# New 2007 Bianchi's...Fantastic Lineup



## Bloatedpig (Apr 10, 2004)

CyclingNews.com has the new lineup.....whew!!....some beautiful looking bikes. I should have waited a year. I purchased a 2006 Freccia Celeste in Celeste, the only Reparto Corse model offered in Celeste, and next year Celeste looks like it's making a big comeback. Some killer carbon fiber rides as well.

Thanks


----------



## Robbie59 (Apr 12, 2006)

Interesting read. It looks like '07 will be a good year to pull the trigger on a new Bianchi.


----------



## fastbluebike (Aug 13, 2005)

*Bianchi Lust*

  I Have Searched all over trying to find a 928L 05 with the Celeste Rear Triangle. My Friend Got the Limited Run White 928L DiLucca Model WOW! Must Have a Bianchi Again! This From a Guy with a Dogma FP and a beautiful Fondriest. I guess I may have to give up on a more Celeste Bianchi to get the 928SL. Does anyone know if Bianchi Could Do a Custom Paint? For the Celeste Fans Could you see that 07 928SL with a bunch more Celeste? That would be sweet! Campy Only though! I hope Bianchi makes a strong showing with these very nice looking rides. Fastbluebike


----------



## phil-bianchi (May 23, 2006)

nice new selection, however you know you have a nice bike when you see next years stuff come out and you like the bianchi you already own just as much.
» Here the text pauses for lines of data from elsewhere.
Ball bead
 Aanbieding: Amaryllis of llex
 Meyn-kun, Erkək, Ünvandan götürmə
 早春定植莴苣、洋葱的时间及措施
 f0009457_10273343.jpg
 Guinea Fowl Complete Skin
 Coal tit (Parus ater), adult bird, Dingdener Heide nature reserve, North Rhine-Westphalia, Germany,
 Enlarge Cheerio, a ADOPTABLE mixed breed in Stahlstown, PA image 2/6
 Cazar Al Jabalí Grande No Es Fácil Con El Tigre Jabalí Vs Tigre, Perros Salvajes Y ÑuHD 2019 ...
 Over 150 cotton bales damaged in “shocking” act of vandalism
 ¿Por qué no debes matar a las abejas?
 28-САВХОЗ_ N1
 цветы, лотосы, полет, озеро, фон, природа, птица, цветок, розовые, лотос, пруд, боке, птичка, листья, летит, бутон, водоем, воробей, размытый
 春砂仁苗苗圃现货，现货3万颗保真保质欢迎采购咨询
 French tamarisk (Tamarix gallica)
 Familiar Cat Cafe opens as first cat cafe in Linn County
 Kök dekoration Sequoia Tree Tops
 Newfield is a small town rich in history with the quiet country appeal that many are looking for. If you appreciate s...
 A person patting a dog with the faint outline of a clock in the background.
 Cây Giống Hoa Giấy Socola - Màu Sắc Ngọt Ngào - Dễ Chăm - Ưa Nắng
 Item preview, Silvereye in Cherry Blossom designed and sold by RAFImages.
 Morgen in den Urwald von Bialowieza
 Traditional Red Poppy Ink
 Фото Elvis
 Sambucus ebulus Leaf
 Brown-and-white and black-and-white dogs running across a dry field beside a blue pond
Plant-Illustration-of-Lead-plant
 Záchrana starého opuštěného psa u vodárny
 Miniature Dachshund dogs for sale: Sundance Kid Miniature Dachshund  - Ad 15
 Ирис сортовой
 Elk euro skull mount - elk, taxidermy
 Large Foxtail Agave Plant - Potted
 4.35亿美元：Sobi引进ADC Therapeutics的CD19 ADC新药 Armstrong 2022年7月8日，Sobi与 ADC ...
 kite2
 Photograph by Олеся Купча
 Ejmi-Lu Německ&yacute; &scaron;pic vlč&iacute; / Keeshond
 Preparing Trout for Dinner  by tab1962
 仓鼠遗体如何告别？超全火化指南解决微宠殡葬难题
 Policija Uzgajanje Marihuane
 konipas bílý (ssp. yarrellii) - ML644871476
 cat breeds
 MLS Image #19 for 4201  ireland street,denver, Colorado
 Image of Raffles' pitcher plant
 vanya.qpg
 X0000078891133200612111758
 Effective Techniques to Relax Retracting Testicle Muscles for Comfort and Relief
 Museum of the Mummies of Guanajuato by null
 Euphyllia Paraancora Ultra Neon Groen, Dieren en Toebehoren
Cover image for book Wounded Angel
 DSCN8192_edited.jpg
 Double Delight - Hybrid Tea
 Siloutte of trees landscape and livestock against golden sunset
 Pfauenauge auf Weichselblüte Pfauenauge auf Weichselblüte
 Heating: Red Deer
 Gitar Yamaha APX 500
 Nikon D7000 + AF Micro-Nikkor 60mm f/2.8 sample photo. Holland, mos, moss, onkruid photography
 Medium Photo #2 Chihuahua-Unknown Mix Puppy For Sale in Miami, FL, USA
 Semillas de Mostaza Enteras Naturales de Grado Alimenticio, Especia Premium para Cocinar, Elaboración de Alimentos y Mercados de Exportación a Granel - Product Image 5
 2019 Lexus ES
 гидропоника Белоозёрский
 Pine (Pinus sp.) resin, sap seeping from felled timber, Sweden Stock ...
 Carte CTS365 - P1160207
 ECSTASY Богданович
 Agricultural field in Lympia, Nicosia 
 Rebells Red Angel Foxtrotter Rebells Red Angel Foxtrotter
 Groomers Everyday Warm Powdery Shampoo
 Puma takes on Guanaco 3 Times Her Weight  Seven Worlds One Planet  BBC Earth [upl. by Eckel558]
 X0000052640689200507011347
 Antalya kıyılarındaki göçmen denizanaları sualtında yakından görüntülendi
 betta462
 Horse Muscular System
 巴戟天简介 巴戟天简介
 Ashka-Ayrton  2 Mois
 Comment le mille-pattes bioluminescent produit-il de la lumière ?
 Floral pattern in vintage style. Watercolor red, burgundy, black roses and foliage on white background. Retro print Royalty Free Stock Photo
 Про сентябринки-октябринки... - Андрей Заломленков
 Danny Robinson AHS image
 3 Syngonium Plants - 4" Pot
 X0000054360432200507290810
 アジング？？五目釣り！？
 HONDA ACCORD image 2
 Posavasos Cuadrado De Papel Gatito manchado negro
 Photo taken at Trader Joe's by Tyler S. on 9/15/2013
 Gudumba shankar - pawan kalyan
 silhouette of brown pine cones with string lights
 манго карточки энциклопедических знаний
also i can see from the top two paint jobs why sometimes celeste is sometimes called bianchi blue


----------



## R.Rice (Aug 23, 2004)

I'm beggining to lose sleep at night over the 928SL.


----------



## fastbluebike (Aug 13, 2005)

Go To Gray Goat Sports in IN They Have the BIKE!!!!!!!!!!!!!!!!!!!!!!!!!!!!!!!!!

www.graygoatsports.com

SWEET!!!!!!


----------